Jadi uang pangkal itu, itu masuknya pendapatan negara bukan pajak. Total mahasiswa mandiri ini kan membayar uang pangkal ke universitas, tapi nggak langsung dikelola oleh universitas, disetor dulu ke negara. Lalu dibuat rancangan anggaran UPNVJ 2018 misalnya, gitu sistemnya.
Bukan berarti mengutamakan UKT aja. UKT dan uang pangkal sama-sama kita prioritaskan tapi uang pangkal ini lebih sulit karena landasannya kurang kuat. Ada pasal berapa, saya lupa, yang menyebutkan universitas tidak boleh melakukan pungutan lain, selain UKT. Itu bisa jadi landasan kita. Cuma itu bertentangan dengan pasal berikutnya, universitas boleh melakukan pungutan lain selain UKT untuk mahasiswa yang dari jalur mandiri dan kelas internasional. Yang saya inget cuman dua itu.

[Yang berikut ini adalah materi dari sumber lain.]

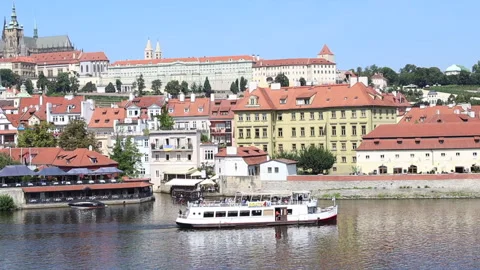 An excursion boat sails along the river with the old district of Prague in the b Video stock 311931219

Bagaimana cara paslon 1 mengatasi aturan rektorat mengenai jam malam?
Ini juga saya dan Iqbal masih mengkaji perihal jam malam. Ini menjadi keresahan bagi UKM dan Ormawa juga kan, karena kita kuliah sampai sore, baru bisa rapat malam hari. Eh, belum selesai rapat, sudah diusir. Mungkin minta keringananlah kepada pihak universitas terkait jam malam, jangan jam 10. Apalagi kemarin Teater Hijau Lima Satu (THLS) latihan sampai jam satu malem, pas mereka mau ikut Festival Teater Jakarta (FTJ). Mereka mau latihan dimana? Masa mau sewa studio? Kan, keluar duit lagi. Di kampus ada tempat, kenapa gak di kampus saja?

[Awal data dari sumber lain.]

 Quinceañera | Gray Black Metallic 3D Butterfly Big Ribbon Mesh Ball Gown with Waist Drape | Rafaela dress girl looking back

Bagaimana cara paslon 1 meningkatkan budaya kritis dan antusias mahasiswa?
Kita bikin isu-isu yang sama-sama kita rasakan yang menjadi keresahan bersama. Misal isu itu sudah muncul baru kita ajak, kita rangkul. “Lo juga merasakan kan UKT mahal, ayo kita gerak bareng. Uang Pangkal mahal, susah kan bayar 25 juta, lo mau adek-adek lo kayak gini? Ayo, bareng-bareng kita kaji.” Jadi sering-sering merangkul terkait masalah-masalah yang ada di UPNVJ, supaya mereka ikut berkontribusi. Supaya mereka ikut mengaspirasikan suara mereka[.]